Arthur Seymour John Tessimond (1902-1962) was born in Birkenhead. He was sent to study at Charterhouse but ran away from school at 16. After taking a degree at Liverpool University, he tried his hand at teaching but only lasted two terms, whereupon he broke off his engagement and moved to London, working there in bookshops for two years before becoming an advertising copywriter. At the beginning of the Second World War, he gave up his job and flat and went on the run to avoid conscription, having decided he would be 'intensively miserable' as a soldier as well as 'useless and dangerous to others'. When he finally submitted himself to an army medical, he was declared unfit for service.

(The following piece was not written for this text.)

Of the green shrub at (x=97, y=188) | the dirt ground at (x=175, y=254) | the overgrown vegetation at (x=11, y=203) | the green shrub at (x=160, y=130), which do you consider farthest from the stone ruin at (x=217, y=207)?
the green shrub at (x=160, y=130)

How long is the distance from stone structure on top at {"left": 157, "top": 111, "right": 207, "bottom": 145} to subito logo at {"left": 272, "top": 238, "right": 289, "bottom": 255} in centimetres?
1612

One friend from his time in advertising was the Welsh painter Ceri Richards who, with his artist-wife Frances, remained close from 1928 till the end of his life, and she has written how three days before his death she had to take food and money to his Chelsea flat because he had given everything away to his latest girlfriend.

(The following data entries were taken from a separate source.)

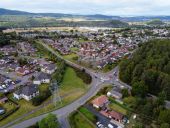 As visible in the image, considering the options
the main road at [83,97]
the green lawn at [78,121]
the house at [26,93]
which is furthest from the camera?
the house at [26,93]

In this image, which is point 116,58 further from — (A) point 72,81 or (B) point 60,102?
(B) point 60,102

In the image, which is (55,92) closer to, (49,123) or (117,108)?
(117,108)

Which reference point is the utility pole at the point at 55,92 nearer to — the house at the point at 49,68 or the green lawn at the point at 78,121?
the green lawn at the point at 78,121

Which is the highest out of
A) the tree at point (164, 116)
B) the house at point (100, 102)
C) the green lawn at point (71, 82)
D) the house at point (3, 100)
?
the tree at point (164, 116)

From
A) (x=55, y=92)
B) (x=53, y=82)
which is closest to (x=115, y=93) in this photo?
(x=55, y=92)

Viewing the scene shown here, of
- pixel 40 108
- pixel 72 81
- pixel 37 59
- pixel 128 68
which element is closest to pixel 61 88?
pixel 72 81

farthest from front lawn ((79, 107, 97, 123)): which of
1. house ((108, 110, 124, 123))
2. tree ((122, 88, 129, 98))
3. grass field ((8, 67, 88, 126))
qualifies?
tree ((122, 88, 129, 98))

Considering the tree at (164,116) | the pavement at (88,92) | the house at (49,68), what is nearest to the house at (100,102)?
the pavement at (88,92) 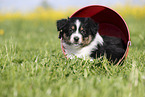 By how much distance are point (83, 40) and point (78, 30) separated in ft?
0.71

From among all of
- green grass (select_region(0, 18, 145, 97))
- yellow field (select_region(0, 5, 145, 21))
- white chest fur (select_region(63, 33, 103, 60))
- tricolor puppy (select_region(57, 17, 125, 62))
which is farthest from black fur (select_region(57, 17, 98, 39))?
yellow field (select_region(0, 5, 145, 21))

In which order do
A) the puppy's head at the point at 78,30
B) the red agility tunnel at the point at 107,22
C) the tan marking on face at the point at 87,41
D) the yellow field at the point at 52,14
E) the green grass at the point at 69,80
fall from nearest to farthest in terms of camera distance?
the green grass at the point at 69,80
the puppy's head at the point at 78,30
the tan marking on face at the point at 87,41
the red agility tunnel at the point at 107,22
the yellow field at the point at 52,14

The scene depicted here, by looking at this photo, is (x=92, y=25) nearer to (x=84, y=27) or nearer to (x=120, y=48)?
(x=84, y=27)

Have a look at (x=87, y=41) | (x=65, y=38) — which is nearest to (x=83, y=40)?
(x=87, y=41)

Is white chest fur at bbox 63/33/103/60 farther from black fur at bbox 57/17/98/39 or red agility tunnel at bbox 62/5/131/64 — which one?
red agility tunnel at bbox 62/5/131/64

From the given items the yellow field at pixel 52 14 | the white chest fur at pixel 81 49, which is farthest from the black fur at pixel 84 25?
the yellow field at pixel 52 14

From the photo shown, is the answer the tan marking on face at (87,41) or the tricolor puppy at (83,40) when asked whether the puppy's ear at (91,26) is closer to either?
the tricolor puppy at (83,40)

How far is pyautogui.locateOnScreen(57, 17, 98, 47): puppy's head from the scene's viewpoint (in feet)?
10.7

Tessimond has been described as an eccentric, a night-lifer, loner and flâneur. He loved women, was always falling in love, but never married. His friend and literary executor, the poet and novelist Hubert Nicholson (1908-96), editor of his posthumous Collected Poems, wrote of his later circumstances:
'Tessimond's father left him about four thousand pounds, a sum not to be sneezed at, in 1945. He spent half of it on his nightclub hostesses, striptease girls and models, and the other half on "four or five successive psychoanalysts", for by the onset of middle age he had become gravely manic depressive. In the depth of his depression he often contemplated and talked of suicide, but never actually attempted it.

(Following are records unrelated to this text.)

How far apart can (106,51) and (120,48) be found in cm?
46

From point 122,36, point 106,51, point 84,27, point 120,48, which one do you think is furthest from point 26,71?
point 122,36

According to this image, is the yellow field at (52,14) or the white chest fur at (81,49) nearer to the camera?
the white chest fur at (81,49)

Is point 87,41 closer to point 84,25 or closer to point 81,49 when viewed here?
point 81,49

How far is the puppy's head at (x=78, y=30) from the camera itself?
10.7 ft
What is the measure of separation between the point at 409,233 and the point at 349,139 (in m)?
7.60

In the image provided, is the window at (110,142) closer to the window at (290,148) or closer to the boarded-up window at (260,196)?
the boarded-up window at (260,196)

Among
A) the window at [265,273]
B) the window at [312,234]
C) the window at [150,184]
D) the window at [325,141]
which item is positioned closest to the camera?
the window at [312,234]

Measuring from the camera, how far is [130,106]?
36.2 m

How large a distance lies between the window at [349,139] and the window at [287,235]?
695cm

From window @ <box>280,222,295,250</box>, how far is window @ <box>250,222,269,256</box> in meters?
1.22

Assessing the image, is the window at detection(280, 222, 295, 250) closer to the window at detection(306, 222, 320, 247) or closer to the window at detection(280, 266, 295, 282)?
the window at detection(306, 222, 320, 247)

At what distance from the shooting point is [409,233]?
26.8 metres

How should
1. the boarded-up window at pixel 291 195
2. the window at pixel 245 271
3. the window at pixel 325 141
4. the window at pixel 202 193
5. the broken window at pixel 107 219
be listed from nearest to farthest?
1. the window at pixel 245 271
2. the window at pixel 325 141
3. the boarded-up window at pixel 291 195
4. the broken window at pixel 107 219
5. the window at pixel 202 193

'In the final phase of his life he underwent electric shock therapy at ever-shortening intervals. This had a deleterious effect on his memory, though not on his intellect. It temporarily raised his spirits to a rather hectic pitch, and may or may not have staved off self-destruction. Perhaps it may also have shortened his life.
'On May 15, 1962, he was found dead in his flat in Chelsea, from natural causes, a brain haemorrhage, some two months before his sixtieth birthday. He had apparently been dead for two days before his body was discovered. Old age, which he had always feared, was never to be his.'
Tessimond published three books of poetry in his lifetime: The walls of glass (Methuen, 1934), Voices in a giant city (Heinemann, 1947), and Selection (Putnam, 1958). Hubert Nicholson edited two posthumous selections, Not love perhaps… (Autolycus Publications, 1978) and Morning meeting (Autolycus Publications, 1980), before bringing together all Tessimond's work that had appeared in book form along with 27 uncollected poems and 25 previously unpublished or uncollected translations in The Collected Poems of A.S.J. Tessimond, with translations from the French of Jacques Prévert (Whiteknight Press, University of Reading, 1985). The latter volume is republished by Bloodaxe Books with Whiteknights Press in 2010.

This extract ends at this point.